What this task involves:
Repeat, please, exactly the lines from the one that has "#14KRecycledYellowGold" through the end of the records below, with pictures dropped.

Items from a dataset:
[Start of Attachment]

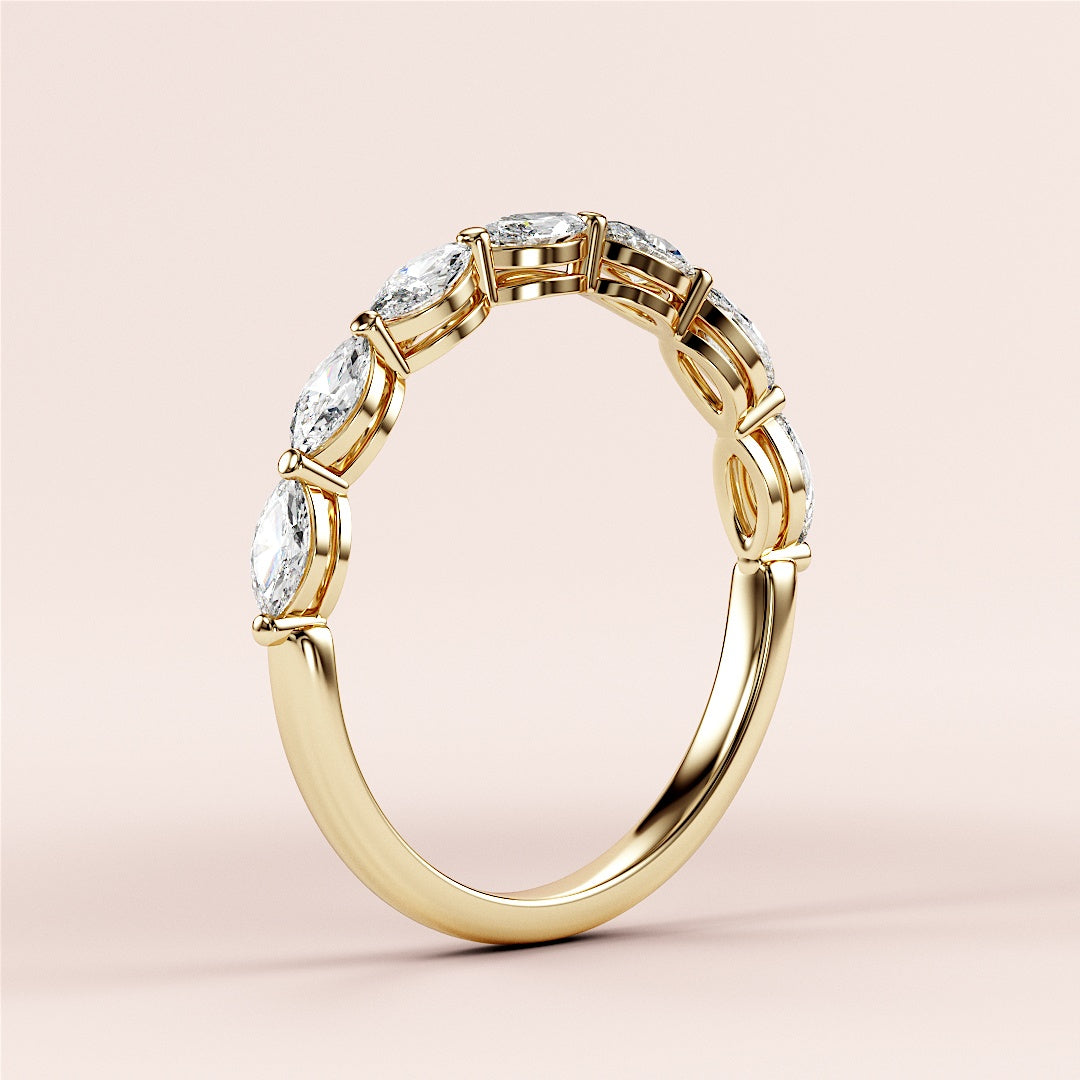 Elegant 14K/18K gold wedding band featuring marquise-cut diamonds in a stunning eternity design, perfect for special occasions. |
 
 
 #14KRecycledYellowGold
 #18KRecycledYellowGold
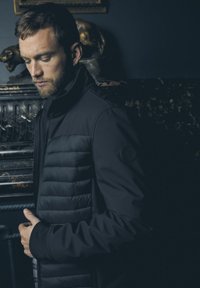 Zwarte pufferjack met een gladde stof aan de bovenkant en een gecapitonneerde textuur aan de onderkant; heeft een hoge kraag en een logo-patch op de mouw.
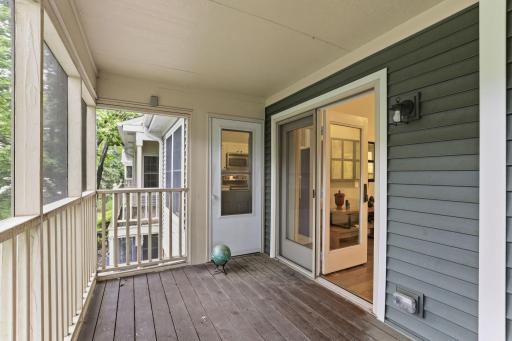 Another view of the private covered balcony featuring a durable screen enclosure and direct access to the living room.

[End of Attachment]

Answer box:
 #14KRecycledYellowGold
 #18KRecycledYellowGold
 Zwarte pufferjack met een gladde stof aan de bovenkant en een gecapitonneerde textuur aan de onderkant; heeft een hoge kraag en een logo-patch op de mouw.
 Another view of the private covered balcony featuring a durable screen enclosure and direct access to the living room.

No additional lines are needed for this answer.